Kronstadt later dialed that award back to $5.3 million in damages plus 50 percent of the song’s future royalties, and now he's denying much of the $3.5 million the Gayes wanted to add to that tab.
"The Gaye Parties have not shown that an award of attorney’s fees is warranted," Kronstadt wrote in his decision. "Beyond the success on the merits, little else supports their position. This case presented novel issues. How they would be determined was not, even with hindsight, something that was clear."
Kronstadt has not yet decided exactly what amount the Gayes should be reimbursed for costs relating to the case, because he says there are blurred lines as to which financial line items may correspond to a lawsuit over "Love After War" in which they did not prevail.
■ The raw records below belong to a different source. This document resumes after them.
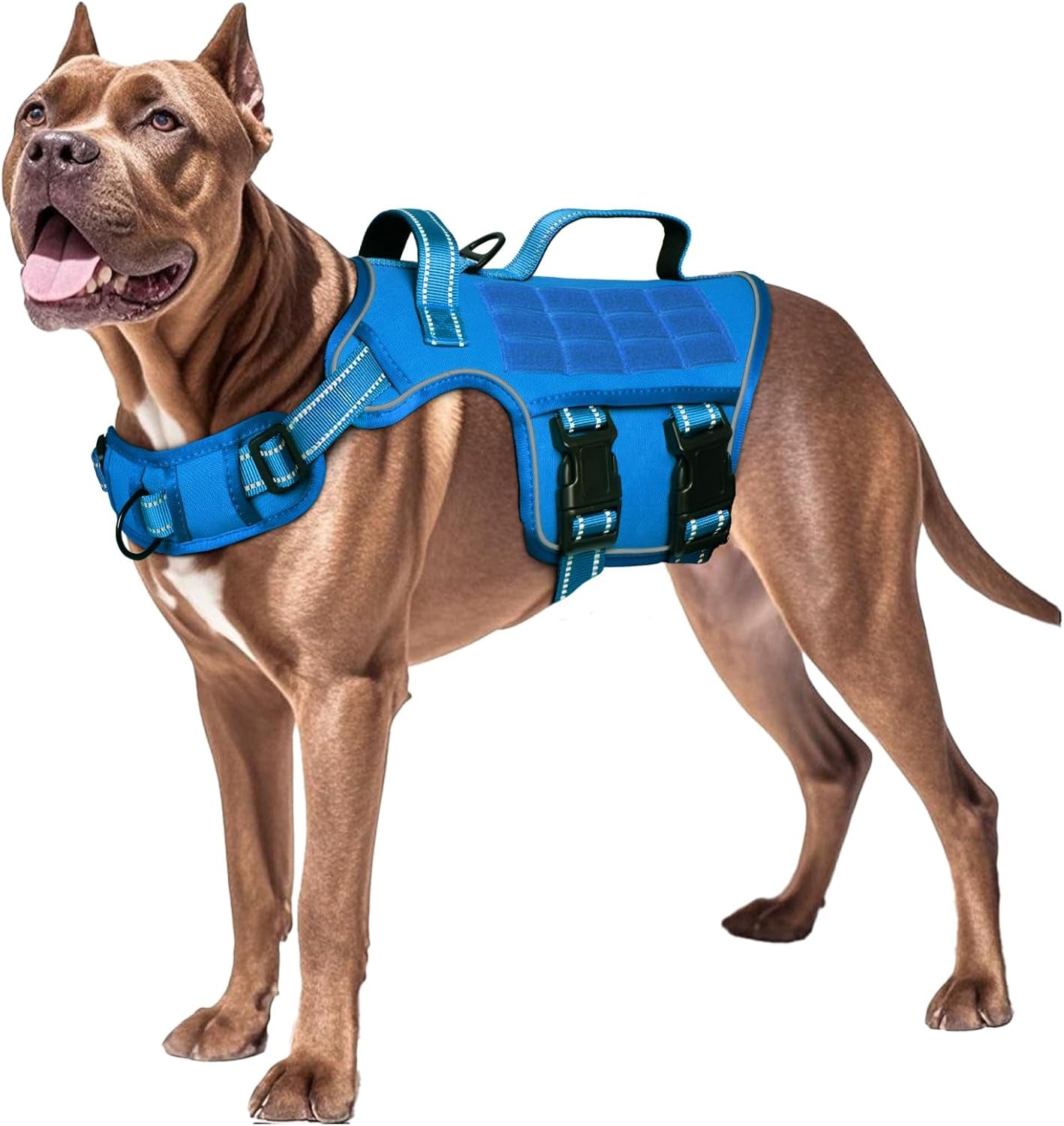 Dog tactical MOLLE harness, bright blue vest with front buckles and chest strap
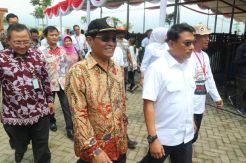 Ekspor Kambing dan Domba, Peluang yang Menjanjikan
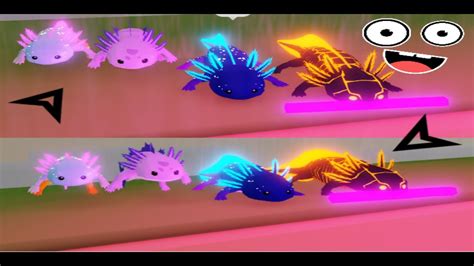 Animal Simulator Update How To Have All Axolotls Skin Youtube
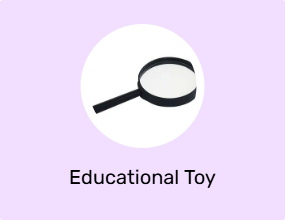 Educational Toy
He found that the Gayes are entitled to 65 percent of costs related to expert witnesses and deposition transcripts, service of process and service of subpoenas on several companies.
"The total cost award must be recalculated in conformance with this Order," Kronstadt writes. "Because all data necessary to do so has not been provided the Gaye Parties shall file an amended request on or before April 21, 2016, with figures that are consistent with the terms of this Order."
In the opposition to the Gaye's fee request, Williams' attorney Howard King attached a declaration from musicologist Gerald Eskelin who questioned the “breathtaking” six-figure paycheck the Gayes requested for musicologist Judith Finell.
In response, the Gaye family attorneys moved to strike Eskelin's declaration from the record and file it under seal. Kronstadt granted the motion to strike, but denied to request to seal the documents.